Aujourd’hui, la coordination entre les acteurs représente l’enjeu majeur
Si ce renouveau de la vision stratégie et la re-dynamisation des investissements est essentielle pour le développement des transports urbains en Tunisie demain, l’enjeu principal aujourd’hui réside dans la coordination des acteurs impliqués dans les différents projets. Il est en effet nécessaire d’adopter un modèle organisationnel favorisant l’intégration des projets.
Le projet de RFR à Tunis (Réseau Ferré Rapide) illustre parfaitement cet enjeu de coordination. Ce projet de réseau ferré suburbain démarré en 2007 vise à connecter les banlieues du Grand Tunis avec son centre. Il sera exploité par la SNCFT, et vient s’additionner au réseau urbain existant exploité par la STT (Société des Transports de Tunis), ou Transtu. En parallèle de ce grand projet, la Transtu a démarré une modernisation de son réseau en termes d’infrastructures et de billettique. La volonté des autorités d’offrir une solution de transport intégrée amène à considérer les problématiques d’interopérabilité des deux réseaux RFR et Transtu. Afin d’intégrer correctement le RFR au reste du réseau, il est primordial que les acteurs se coordonnent, communiquent et prennent des décisions communes.
Actuellement, cette coordination s’exprime par la tenue de commissions ponctuelles permettant à chacun de suivre les projets des autres. Mais aucune structure décisionnelle commune n’est en place et les acteurs n’arrivent pas à partager une vision collective. La loi sur les transports appliquée en 2004 prévoit l’instauration d’autorités régionales organisatrices des transports terrestres dans les grandes villes tunisiennes. Aujourd’hui, aucune autorité n’a été mise en place. A Sfax, un projet a démarré en 2013 afin de créer une telle autorité régionale. Un comité de préfiguration est aujourd’hui en place avec pour mission de suivre les projets sfaxiens et de mettre en œuvre cette autorité. A Tunis, le projet d’autorité organisatrice à démarré en 2016 suite à l’organisation d’un séminaire sur le sujet. Suivant un principe similaire au projet de Sfax, un comité décisionnel est en cours de construction et permettra de rassembler les décideurs présents sur le Grand Tunis et de mettre en place progressivement une autorité organisatrice.

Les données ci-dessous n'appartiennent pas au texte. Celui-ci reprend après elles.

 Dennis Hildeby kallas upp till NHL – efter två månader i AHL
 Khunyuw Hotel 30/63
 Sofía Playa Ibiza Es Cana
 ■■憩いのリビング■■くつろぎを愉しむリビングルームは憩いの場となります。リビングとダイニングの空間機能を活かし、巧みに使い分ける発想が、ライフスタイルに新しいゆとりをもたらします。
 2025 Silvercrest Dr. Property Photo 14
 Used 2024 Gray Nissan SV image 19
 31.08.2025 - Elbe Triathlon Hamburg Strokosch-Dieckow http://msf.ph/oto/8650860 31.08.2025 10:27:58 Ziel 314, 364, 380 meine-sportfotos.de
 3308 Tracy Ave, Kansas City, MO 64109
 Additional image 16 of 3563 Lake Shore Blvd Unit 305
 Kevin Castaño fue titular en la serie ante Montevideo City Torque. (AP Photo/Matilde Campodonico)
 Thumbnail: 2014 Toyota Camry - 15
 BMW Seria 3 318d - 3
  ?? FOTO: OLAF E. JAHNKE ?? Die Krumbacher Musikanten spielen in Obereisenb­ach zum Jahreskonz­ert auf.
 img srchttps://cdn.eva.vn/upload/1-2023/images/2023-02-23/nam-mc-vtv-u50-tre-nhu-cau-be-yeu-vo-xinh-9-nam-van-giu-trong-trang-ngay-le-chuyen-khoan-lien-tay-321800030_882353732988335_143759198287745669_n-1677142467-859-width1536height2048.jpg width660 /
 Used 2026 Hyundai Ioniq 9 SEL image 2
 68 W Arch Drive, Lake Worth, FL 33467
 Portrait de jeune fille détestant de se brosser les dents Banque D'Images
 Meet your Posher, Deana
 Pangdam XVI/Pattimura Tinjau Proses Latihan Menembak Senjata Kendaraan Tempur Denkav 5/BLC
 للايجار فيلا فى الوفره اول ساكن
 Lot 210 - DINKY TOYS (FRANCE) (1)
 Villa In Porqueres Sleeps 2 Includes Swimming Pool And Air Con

La création de ces autorités représente un enjeu majeur pour la réussite des projets à l’échelle de villes telles que Tunis et Sfax. Mais cette réorganisation implique une évolution des structures existante qui devront s’adapter à de nouveaux modes de gouvernance. Au-delà des besoins en termes d’investissement, ce sont les mentalités qui doivent se transformer dans un pays en pleine mutation, et qui atteint une étape critique de sa transition.